Select the threshold by K-fold cross-validation over observed cells.

For each candidate threshold, a fraction of observed entries is held out, the model is fit on the rest, and out-of-sample squared error is averaged over folds; the threshold minimising it is chosen, then the final fit uses all observed entries (paper “Cross-validation”).

mlsynth.utils.mcnnm_helpers.completion.mcnnm_fit(Y: ndarray, mask: ndarray, thr: float, *, est_u: bool = True, est_v: bool = True, max_iter: int = 400, tol: float = 1e-05) dict#

Fit MC-NNM for a given SVD threshold thr.

Parameters:
  • Y (np.ndarray) – Outcome matrix, shape (N, T). Missing entries may hold any value; only observed (mask == 1) entries are used.

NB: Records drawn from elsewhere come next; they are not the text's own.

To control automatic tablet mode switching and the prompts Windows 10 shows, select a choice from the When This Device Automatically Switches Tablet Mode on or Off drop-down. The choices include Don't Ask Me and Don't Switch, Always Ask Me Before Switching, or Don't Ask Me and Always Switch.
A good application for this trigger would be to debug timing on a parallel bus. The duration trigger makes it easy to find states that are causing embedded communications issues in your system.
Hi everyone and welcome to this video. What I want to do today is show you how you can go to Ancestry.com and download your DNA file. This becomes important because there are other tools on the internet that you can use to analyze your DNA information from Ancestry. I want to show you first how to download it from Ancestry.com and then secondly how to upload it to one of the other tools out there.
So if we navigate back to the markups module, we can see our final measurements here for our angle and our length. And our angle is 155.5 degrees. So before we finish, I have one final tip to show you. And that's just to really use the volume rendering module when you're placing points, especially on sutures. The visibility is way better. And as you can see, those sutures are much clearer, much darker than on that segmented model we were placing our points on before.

  • mask (np.ndarray) – Observation indicator, shape (N, T); 1 observed, 0 missing (to be imputed).

  • thr (float) – Singular-value soft-threshold (the regularisation strength).

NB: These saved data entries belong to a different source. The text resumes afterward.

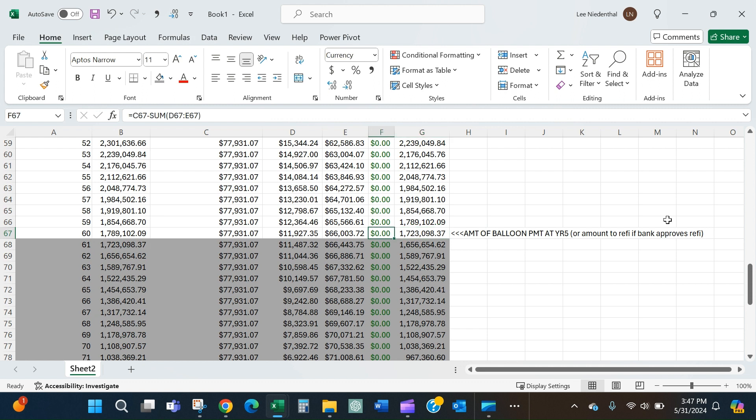So that is how you can calculate and understand better the terms of a loan proposal, especially if there is a balloon payment.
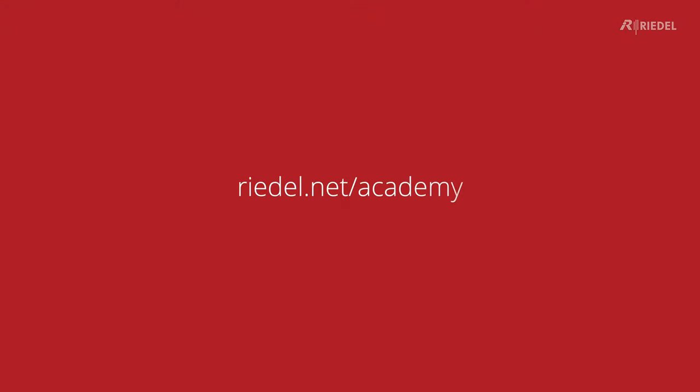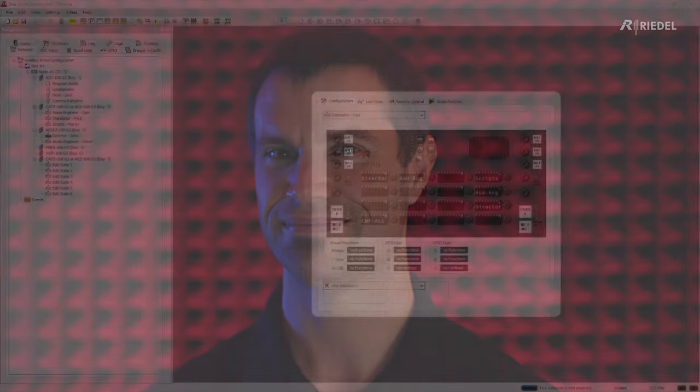If you want to go a bit deeper and find out more about the technology that makes our systems work, then please head over to the Riedel website and click on the Academy section. There we have all kinds of sessions from webinars to presentations, workshops, interactive online trainings. We also do in-person trainings. Thank you for watching this video and we really hope to see you soon.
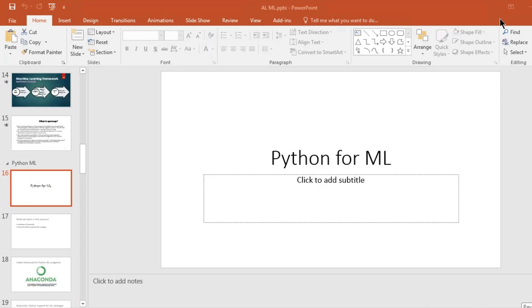Last session we talked about what is machine learning, what is AI, what is deep learning.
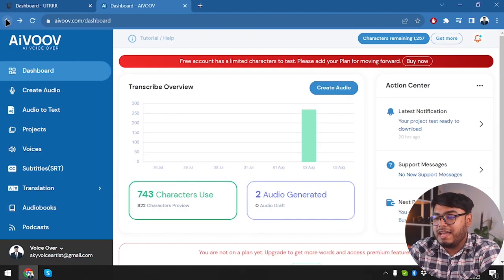But most of us don't have that large of an organization, so for most of us the deal that UTRRR is providing is a solid one. If you are a small organization, go with UTRRR because the voices and languages it provides will be enough for your text-to-speech conversions. But if you are a bigger organization and need conversion features like audio-to-text or subtitles, then AIVOOV is something that might help you.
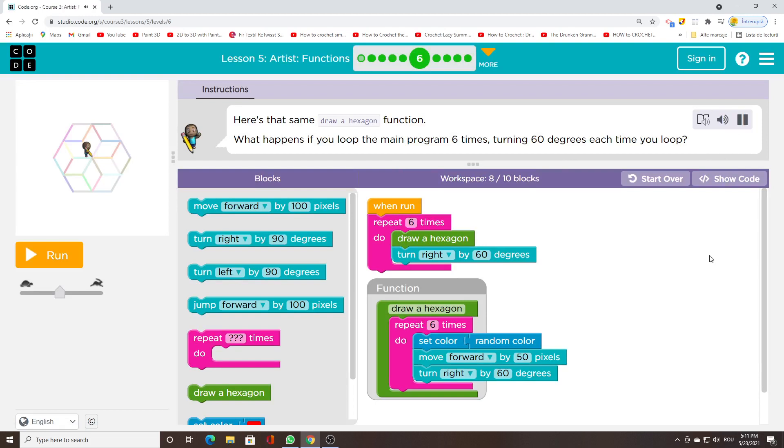Here's that same draw a hexagon function. What happens if you loop the main program 6 times, turning 60 degrees each time you loop?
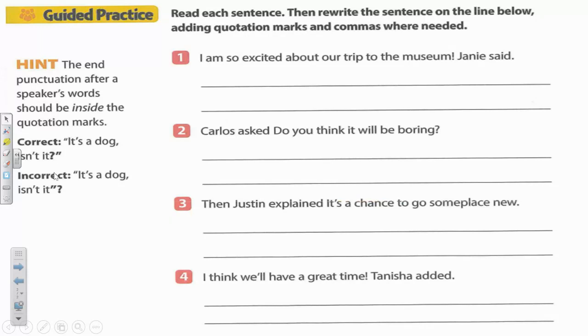It would be incorrect to write 'It's a dog, isn't it?' and put the question mark outside of the quotation marks. Do not do that.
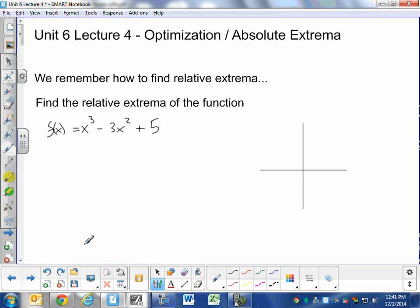So the last lesson of the semester for differential calculus — we move on to a different form of calculus, which you'll find is very related, but will start out feeling completely different. This lesson is on optimization and absolute extrema. We're going to start with absolute extrema first, and then we'll get to optimization.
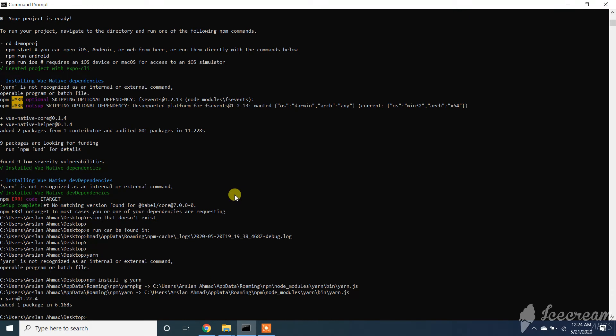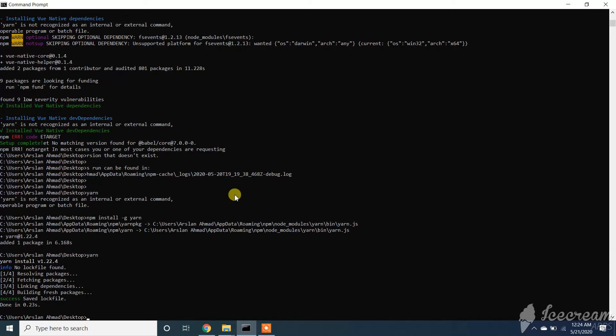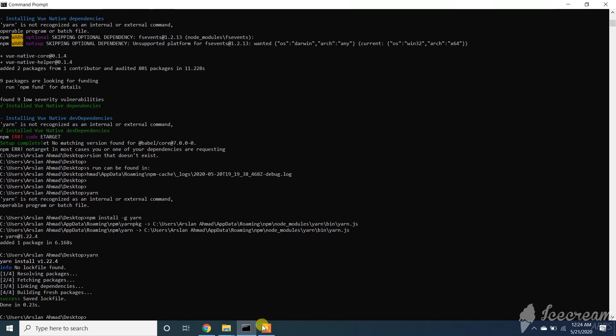Now run yarn again. You can see our yarn is installed successfully and our error has gone. So good luck guys. If you have any query or question, feel free to comment below. Subscribe to the channel and like the video.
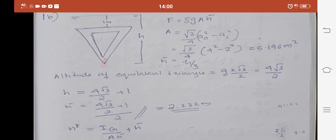For total pressure on a vertically immersed plane, the equation is F = ρg × A × h̄. We start with ρ for water, which is 1000 kg/m³, and g is 9.81 m/s². Now we will find the area.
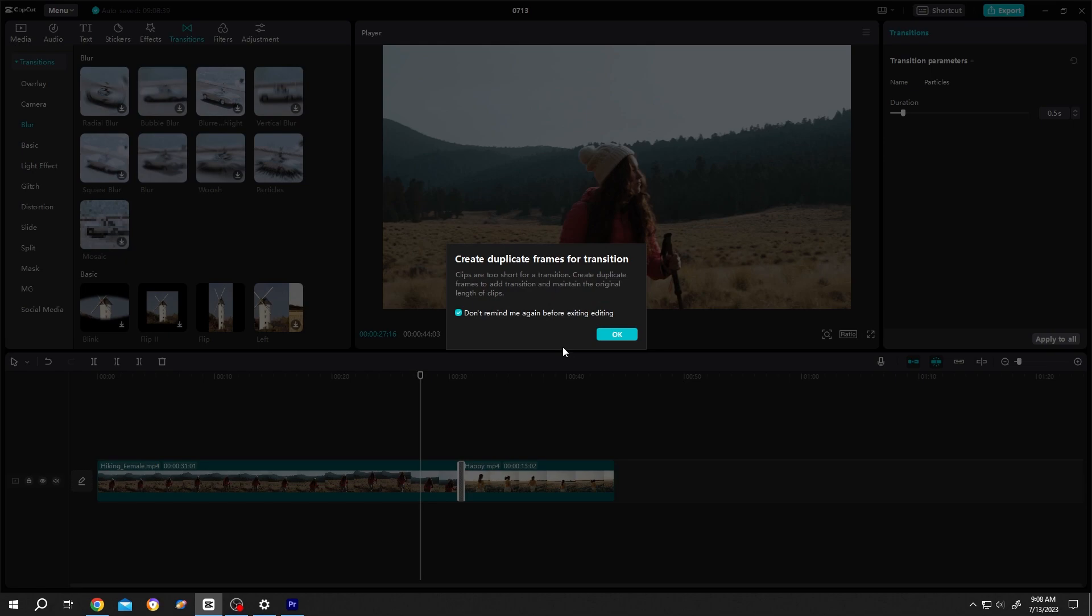Now the message is saying that our clip is too short. So CapCut wants to make some duplicate frames so that we can see the transition smoothly. If you don't want to see the message again, just check it and press on OK.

  • est_u, est_v (bool) – Estimate unit / time fixed effects.

Returns:

  • dict with L (low-rank matrix), gamma (N,), delta (T,),

  • and completed = L + gamma + delta (the full fitted matrix).

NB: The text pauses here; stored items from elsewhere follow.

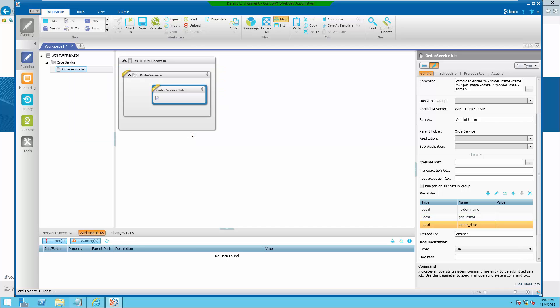For more information on CTM order utility, please refer to the workload automation utility guide.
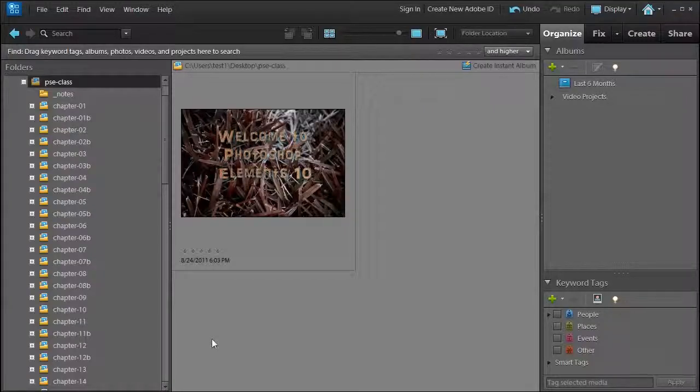Welcome and thank you for joining us. In this lesson I'm going to talk about Scanner and how to get your photos from the Scanner into Photoshop Elements. I'm going to divide it into two parts: the first part is going to be the single photo and the second part is going to be three photos.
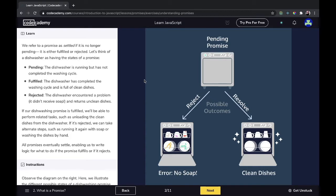Let's think of a dishwasher as having the states of a promise. In the pending state, the dishwasher is running but has not completed the washing cycle. In the fulfilled state, the dishwasher has completed the washing cycle and is full of clean dishes. In the rejected state, the dishwasher encountered a problem — it didn't receive soap and returns unclean dishes. If our dishwashing promise is fulfilled, we'll be able to perform related tasks such as unloading the clean dishes. If it's rejected, we can take alternative steps such as running it again with soap or washing the dishes by hand. All promises eventually settle, enabling us to write logic for what to do if the promise fulfills or rejects.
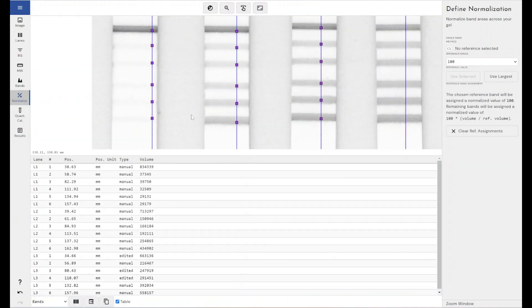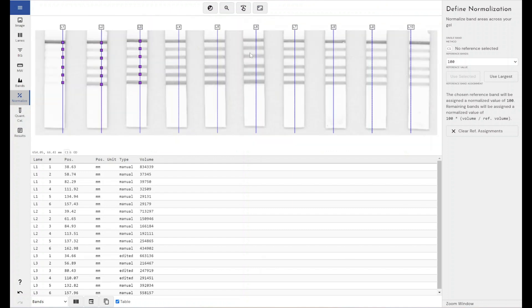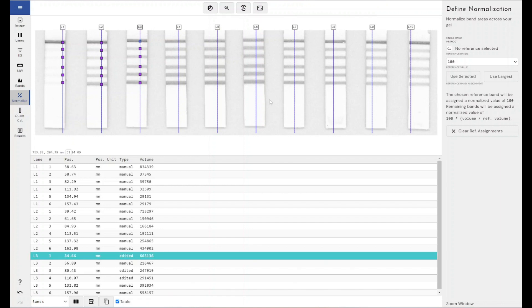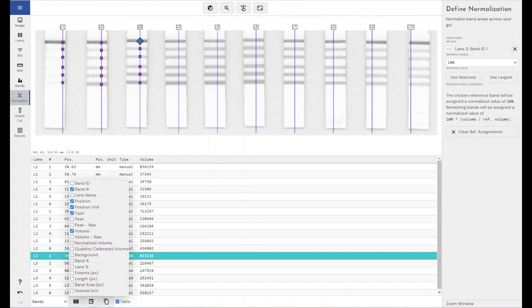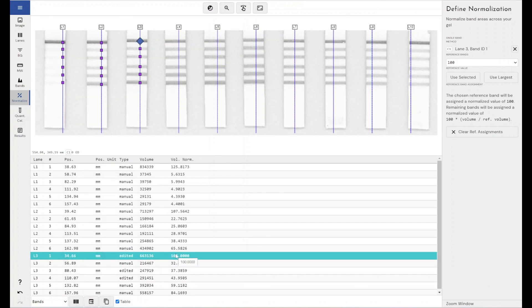I'm just going to move along from this workflow mode, but you get the gist of how I would find all of my bands within Phoretix 1D. Normalization, again, depends on your experimental setup. If you wanted to express all of your bands as a percentage of your control band, you may wish to set your control band as your 100% mark and see what proportion the rest of these bands make up towards that control band.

Run loop: completion, ATT and staggered aggregations, factor decomposition, and the jackknife.

Orchestration for the MC-NNM estimator (Athey et al. 2021).

mlsynth.utils.mcnnm_helpers.pipeline.run_mcnnm(inputs: MCNNMInputs, *, est_u: bool = True, est_v: bool = True, n_lam: int = 40, n_folds: int = 5, max_iter: int = 400, tol: float = 1e-05, inference: bool = False, alpha_level: float = 0.05, random_state: int = 0, adoption_times: dict | None = None) MCNNMResults#

Run MC-NNM (CV over the threshold) and assemble MCNNMResults.

Parameters:
  • inputs (MCNNMInputs)

  • est_u, est_v (bool) – Estimate unit / time fixed effects (recommended; default True).

  • n_lam (int) – Number of candidate thresholds in the CV grid.

  • n_folds (int) – Cross-validation folds over observed cells.

  • inference (bool) – If True, run a leave-one-control jackknife (at the CV-selected threshold) for the ATT SE / CI.